Q. Who comes to the seminar courses of the LOA?
A. The crowd is rather varied running from students to
professionals, passing by the hackers as far as some immigrants who through these
courses manage to find a job. The courses and seminars
are not only instances of apprenticeship and sharing
of knowledge, they are above all and especially moments of
relationship. During the classes, our everyday
activities find themselves confronted by the presence and ideas of
those who come to take the courses and seminars. From
a certain point of view, the courses and seminars
represent for us what sociality represented for the
self-managed experiences of preceding decades.
Q. Do you think that the transmission of knowledge, of
expertise in the use of software tools is a matter of high stakes?

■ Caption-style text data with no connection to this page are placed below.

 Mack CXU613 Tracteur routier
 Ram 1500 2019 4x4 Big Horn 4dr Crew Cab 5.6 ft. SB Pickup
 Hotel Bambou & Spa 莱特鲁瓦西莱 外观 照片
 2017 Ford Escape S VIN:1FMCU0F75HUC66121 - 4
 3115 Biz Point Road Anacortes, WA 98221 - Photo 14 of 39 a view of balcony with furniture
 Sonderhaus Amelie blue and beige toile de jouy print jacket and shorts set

A. In this phase, it is for sure a key element in the
construction of other perspectives of digital rights
and beyond. The digital universe is one of the rare
universes where it is really possible to put in
everyone’s hands the means of (immaterial) production
and the sharing of this know-how is one of the
fundamental elements for allowing everyone to
participate in the struggle. Changing reality takes
place also through the sharing of the tools to
change it, and in the computer science-telematic universe,
that is exactly what we are trying to do. It's no
accident if the concepts of 'private property' and the
'limitation on the freedom of circulation' of
knowledge, but also of goods and people, are the elements
upon which late capitalism is based. The sharing of
knowledge and the availability of immaterial knowledge
for the most vulnerable levels of society constitute
an important threshold so that the latter can
participate in the transformation of the present.
As can be seen in the area of biotechnology, closed
Knowledge - with high costs of production but also of
accessibility - is the game of those who want
globalization to increase their own profits
and power even more. Horizontal sharing has been a 'rebel'
practice since its very origins, which are
diametrically opposed to the origins of capital.

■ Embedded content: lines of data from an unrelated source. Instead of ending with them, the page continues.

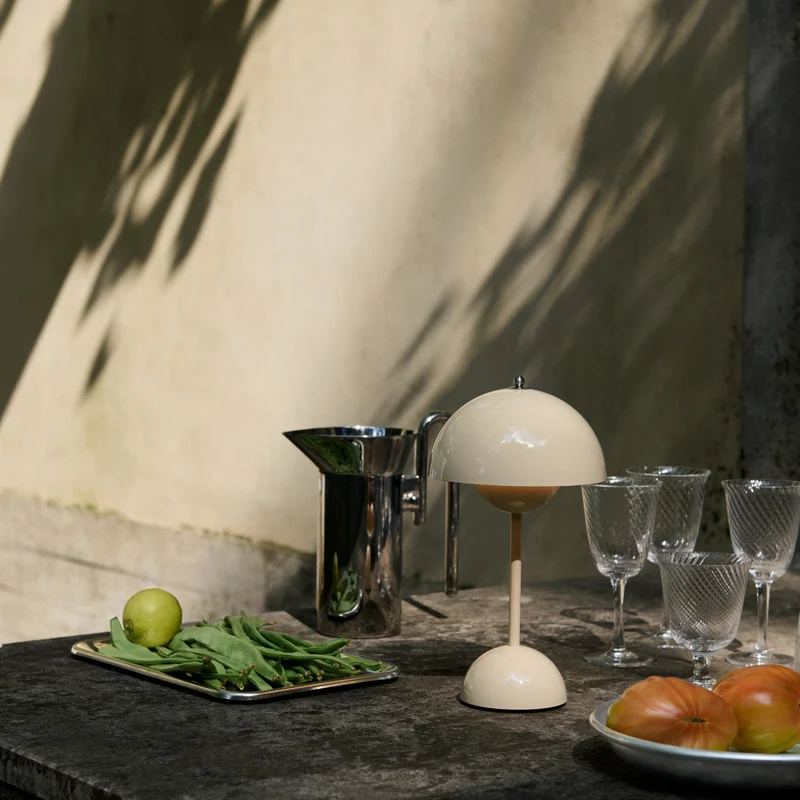 &Tradition Flowerpot VP9 Portable Lamp
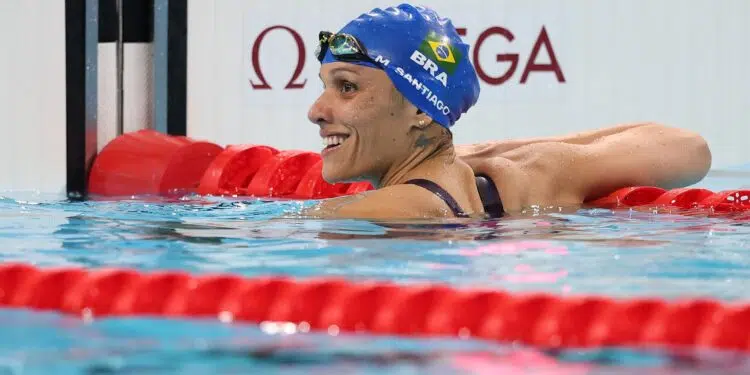 Carol Santiago é prata em Paris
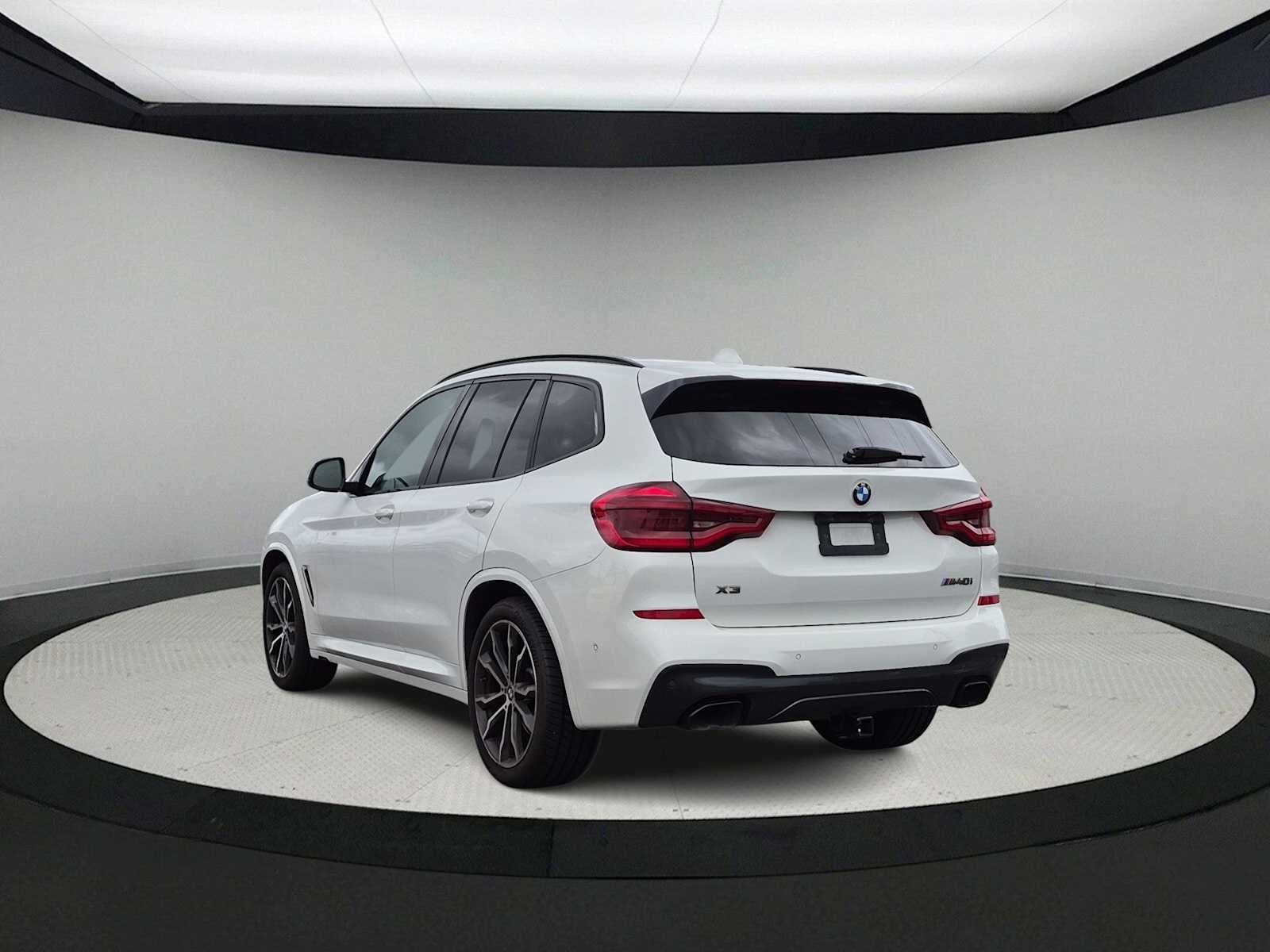 2021 BMW X3 M40i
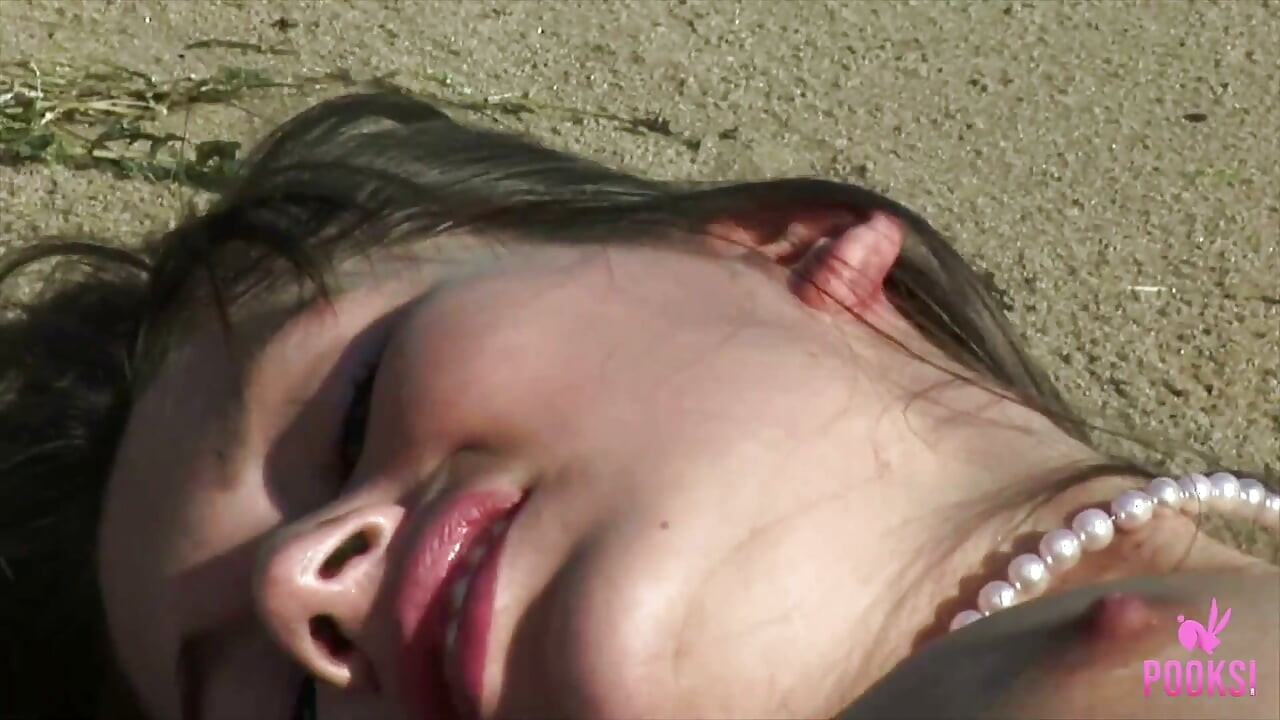 สาววัยรุ่นตาโต Juliette สอดนิ้วเข้าไปในหีตัวเอง!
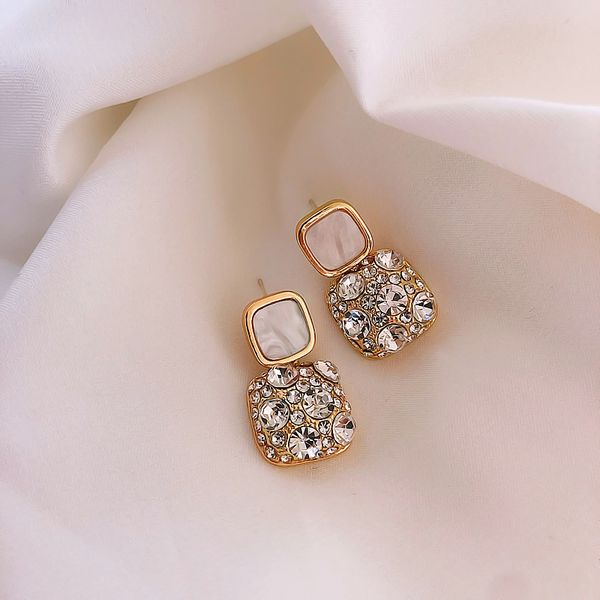 shiny side new fashion brand jewelry crystal square stud earrings for women gift geometric earrings, Golden;silver
shiny side new fashion brand jewelry crystal square stud earrings for women gift geometric earrings, Golden;silver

Q. The LOA also do software projects. Interesting
and surprising things such as “OBOE” which aim to give
the blind access to computer technologies and digital
cultures. Where does this type of initiative come
from?
A. Acts of 'intervention' in software are an innate
aspect of the hacker culture, in which the hacklabs
trace their roots. In the course of this year and a
half of experience, we have touched on different
questions - each one of which necessitated a detailed
treatment - and each time we tried to
confront them with the same seriousness: on the one
hand, to construct a critical and analytical
discourse of the situation (such as the accessibility
of electronic texts and the interests of the large
publishers in the “Cavazza-Galiano” case last autumn)
and on the other hand, to provide solutions and hacks
to offer alternatives. It is one of the fundamental
characteristics of the hacklab, in my view: to try to
combine practice and theoretical political
analysis. The work of software production (as well as
the courses) are the ideal reflection of this will.
Q. What are your projects in progress and those now completed?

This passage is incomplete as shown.